Our Smart experiences over the last week, make me realize that many of the themes that Reverb helps address can exhibit themselves in the most unexpected places. It sometimes seems to be everywhere if one just pays attention. I work at being observant of things that are hiding in plain sight. To realize these themes in my everyday life is rewarding. It is exciting and encouraging to see Smart incorporate these themes with success. Remember: smart, open your mind, forward thinking, passion in all things!

Wednesday, December 3, 2008

Creating Value

As we continue to shift through the new realities - the economic recession, new technology, etc - it becomes apparent to me that creating value in who we are, in what we do, and in what we choose to invest ourselves and our time is key. To me, creating value is inextricably tied to creating or connecting to a deep sense of meaning. Reconnecting to a sense of meaning, a sense of purpose, and a sense of efficacy will give us that sense of stability, familiarity, and comfort that is disrupted by the increasing pace of life and economic uncertainties.

To create a sense of value in who we are, each one of us should objectively analyze our relevance to the current reality. Take stock of our skills, our attitudes, our mindsets. Are they in sync with the needs of the job I am asked to do? Are my technology skills strong enough to compete with the younger people in my environment who seem to have been born texting and googling? If not, how can I quantify the value I have and the value I place for myself on my contributions? Maybe we have work to do in this area to make ourselves more valuable and to make our contributions more relevant and sought after.

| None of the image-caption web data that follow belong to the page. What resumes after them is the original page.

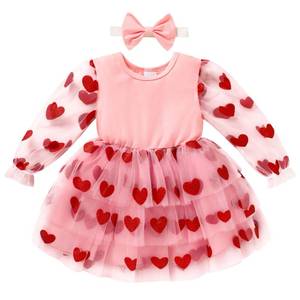 lot 11070 image: Toddler Baby Valentines Day Girl Dress Glitter Heart Tulle Arm Valentines Dress Baby Girl Princess Dress Pink Toddler Dress Girl Fluffy Tutu Dress(3-4 T, Pink)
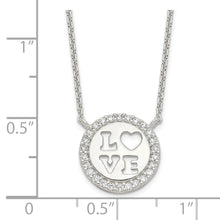 Load image into Gallery viewer, Sterling Silver Polished CZ Love Necklace
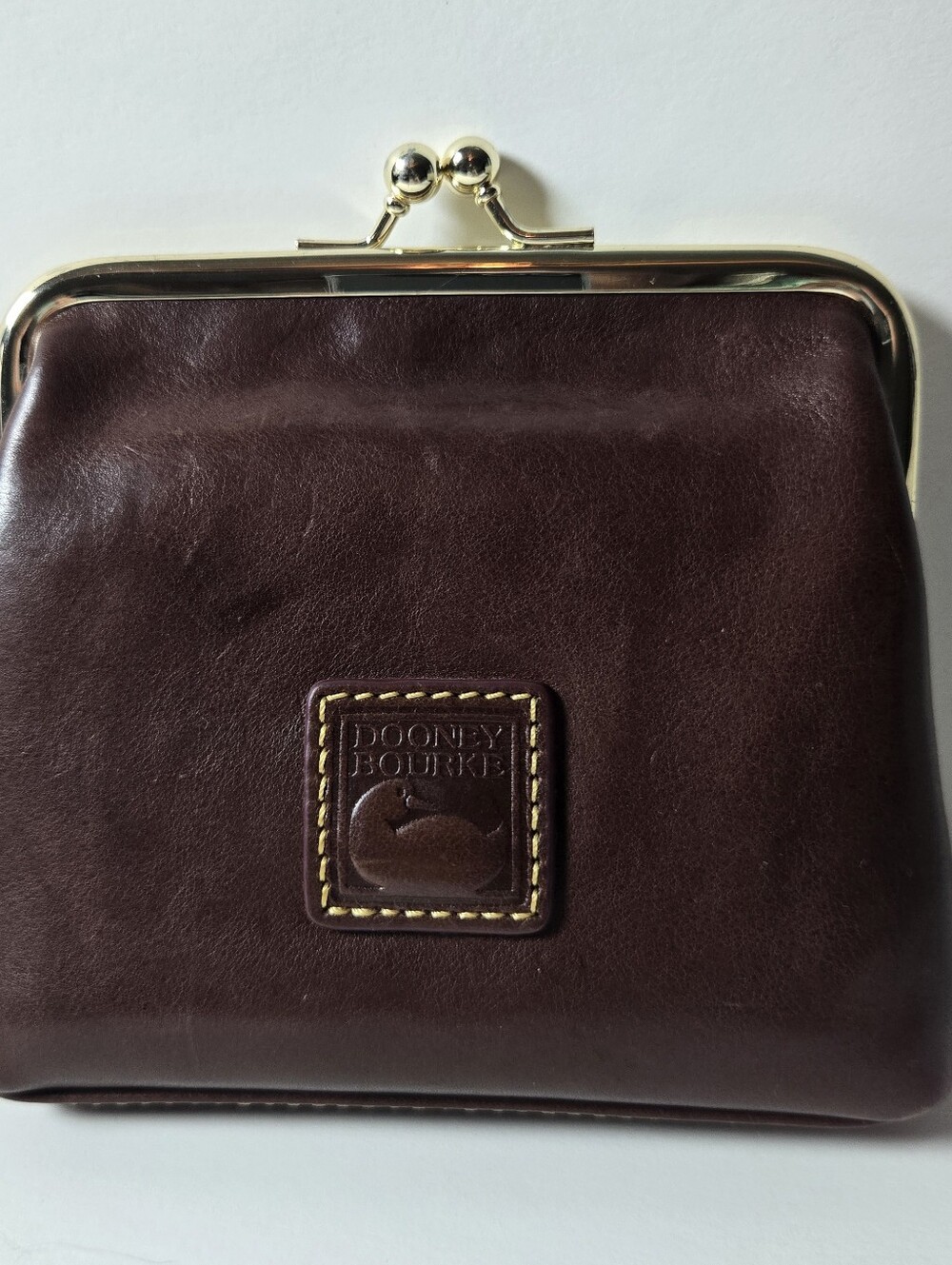 Dooney & Bourke Brown Leather Coin Pouch with Gold-Tone Kiss Lock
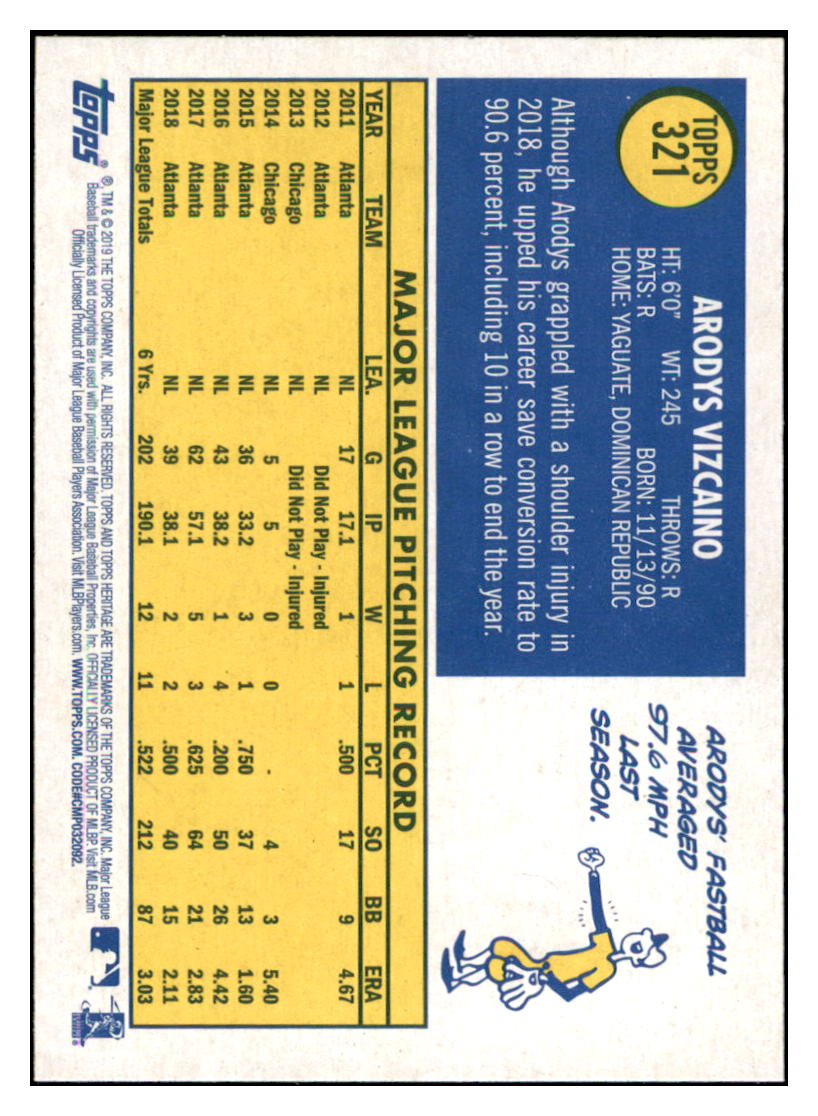 2019 Topps Heritage Arodys Vizcaino    Atlanta Braves #321 Baseball card    TMH1B simple Xclusive Collectibles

To create a sense of meaning in what we do, each of us should intuitively examine if we love it, if we find meaning in how we invest our time and effort. I often talk with people who have lost their sense of meaning in their work. I think being able to focus on the mission and big picture of the work of the organization can make the relevance of the compartmentalized work that each of us does more meaningful and more connected to a purpose that we can value and draw inspiration from. Learning to see the big picture and to value effort toward making a vision become a reality is highly motivational and inspirational.

If one can't love or connect to what we are investing our time in, then finding a way to understand our effort as a path to a different pursuit makes the current part of the journey necessary. What do I need to learn from this experience to carry with me, to put in my toolbox, for what I am working towards doing at a later time? Understanding or having a sense of trajectory of one's own life makes each experience and each encounter of potential value and meaning.

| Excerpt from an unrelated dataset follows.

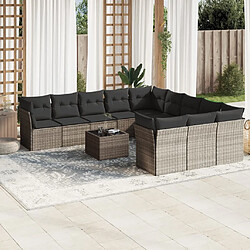 vidaXL Salon de jardin avec coussins 12 pcs gris clair résine tressée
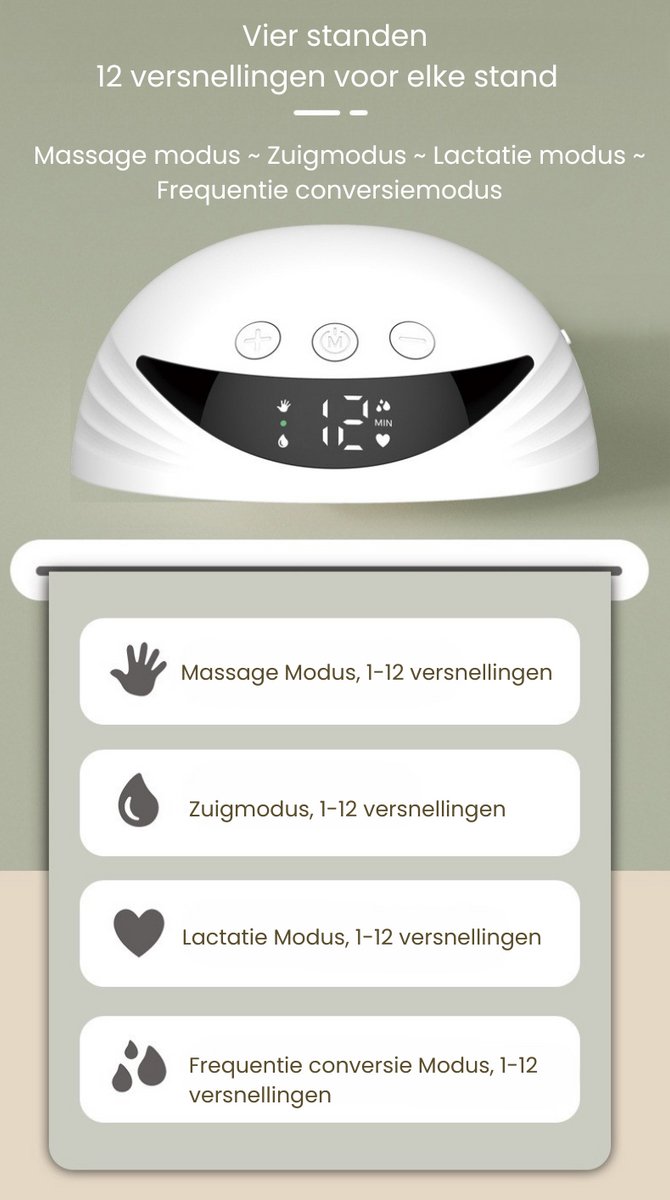 Mommy&Co - Dubbele Elektrische Draadloze Borstkolf - Handsfree Breast Pump - Draagbaar - Comfortabel - Krachtige Motor - LED Display van Mommy&Co — afbeelding 4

I call what I have described living more intentionally, with more strategic awareness. Many, including Ellen Langer and Jon Kabot-Zinn in their writings, refer to this as mindfulness. Developing mindfulness has taken a lot of time and effort but has increased the joy I receive from working hard and learning new things, and even dealing with difficult people and difficult situations.

Wednesday, November 12, 2008

Schools Out of Sync

Here is the presentation that I gave in conjunction with All Kinds of Minds at the Tennessee Association of Independent Schools Biennial Conference in Nashville. There were 14 different schools represented in my workshop, and it is amazing how everyone is grappling with the same issue: how to be relevant to the 21st century.

Schools Out of Sync: Teaching and Learning in a Global Society TAIS 2008

Wednesday, November 5, 2008

Wanting Change

Election 2008 will take a momentus place in history. It was amazing to see throngs of people gathered to celebrate Obama's victory not just in Grant Park, but all of over the world. People voted, in record numbers, for change. People want change. Millions of people actually became in engaged in a change movement.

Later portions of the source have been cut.